The Nave is lined with pillars and amazing Gothic arches that support a high, vaulted ceiling. It is 99 feet high and is so wide that it was not built of stone but is in fact wooden, light in colour and has decorative gilded bosses.
Moving down towards the North Transept, the dominant feature is the Five Sisters Window with unusual grisaille glass. The type of glass is named after the French word for greyness and it was painted with geometric designs. It dates from the mid 1,200’s, was restored between 1923-1925, and is the only memorial dedicated to the memory of the women of the British Empire who died during the First World War.
The beautiful Chapter House is octagonal and has an unsupported, decorative vaulted roof and beautiful arched stained glass windows. Around the edges of the walls are stone carvings of many faces, some human, but also animals and birds. There is a massive wooden door that has elaborate and ornate iron work that can close the room off from the rest of the Minster.
The East Window was created between 1405-1408 at a cost of £56, and in modern terms it is the size of a tennis court. It has the largest single span of stained glass in the country and it depicts the Bible stories from creation of all things in Genesis to the end of the world in Revelation. It has been undergoing a huge restoration, 311 panels of glass removed, the old lead being taken out and replaced is thinner and the glass has been cleaned and repaired so the pictures are brighter and you can see all the details. Half of the window has been completed and the final 154 pieces should be finished by 2018.
The Quire also stands at the eastern end of the Minster. There are two elaborate high seats on either side where the Bishops sit, a brass bird lectern, fantastic Gothic carved partitions along the sides behind the decorative seating. A gometrically designed floor and set up high under an arch is the huge organ with all the pipes standing tall.
Behind the Quire in the centre of the Minster is The King’s Screen which has 15 carved statues of the Kings from the Norman and Gothic phase, from William the Conqueror to Henry VI.
The Minster has three towers, (seen below above the buildings in the foreground), the central tower is 235 feet high and weighs 16,000 tonnes, it is so vast that the Leaning Tower of Pisa would fit inside it. There are also two towers at the western end that are 196 feet high and contain 56 bells, the heaviest weighing 3 tonnes, it is the largest number of bells in any English cathedral.
The South Transept also had a wooden roof which was destroyed by fire in 1984. After the reconstruction it now has a ceiling decorated with gilded and coloured bosses.
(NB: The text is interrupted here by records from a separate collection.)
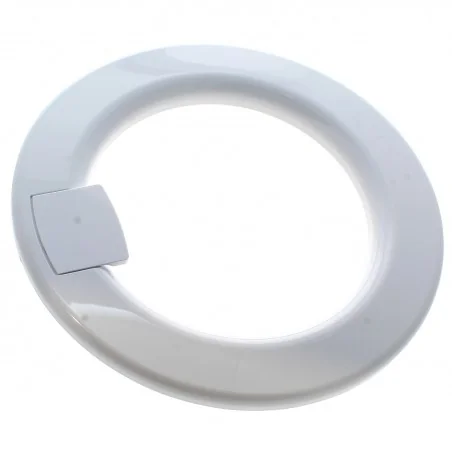 Hublot complet pour lave-linge Whirlpool 481071037466 (Pièce d'origine constructeur)
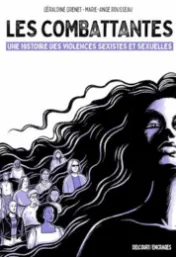 Les combattantes / scénario Géraldine Grenet 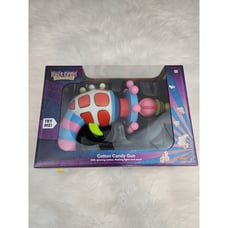 Killer Klowns from Outer Space - Cotton Candy Gun - Spirit Halloween - BRAND NEW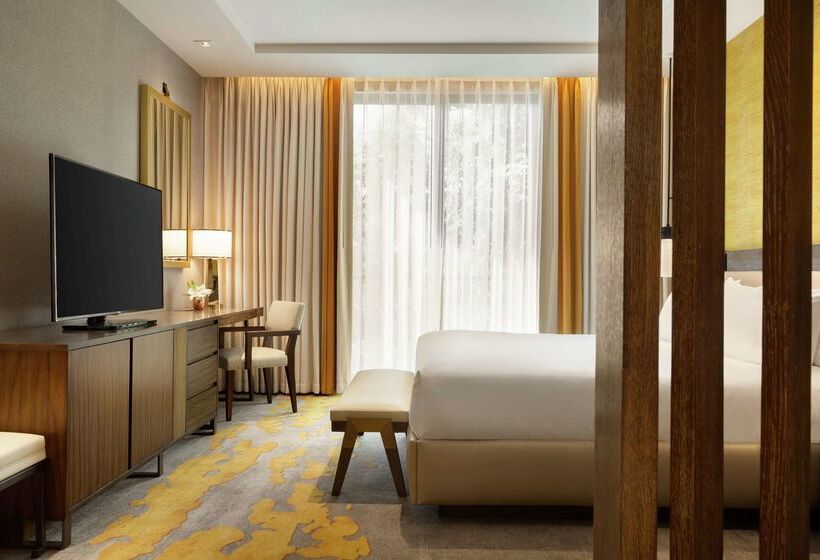 هتل Hoodoo Moab, Curio Collection By Hilton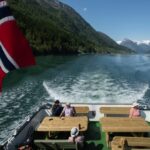 From Vik: Guided Fjord & Glacier Tour to Fjærland - What’s Included and Practical Considerations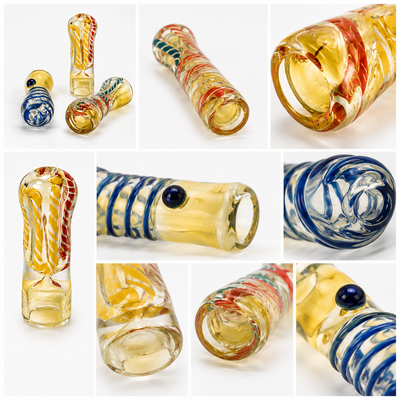 HITTER VIDRIO PEQUEÑO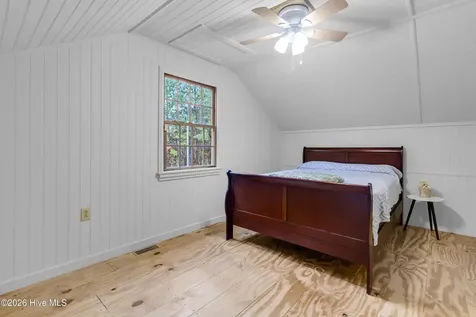 687 Alligator Creek Road Merritt NC 28556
Following a competition by the television program Blue Peter, six of the bosses were designed by children, one of them was of Henry VIII’s flag ship The Mary Rose which was raised from The Solent in 1982. Quite appropriately this boss is sited near to the Rose Window which commemorates the union of the Royal Houses of York and Lancaster dating from the time when Henry VIII was King.
It was a wonderful and interesting tour of a fabulous, iconic building and not to be missed. After which our brains need a rest so we had another pub lunch and then I did my one and only bit of shopping, two pretty tops, and that was that, don’t need to go shopping again, phew…..! Quick trip back on the bus then a quick walk and having taken down the awning before the predicted rain, and in readiness for moving on towards our next site. Finally we could relax in the last of the sunshine under the canopy.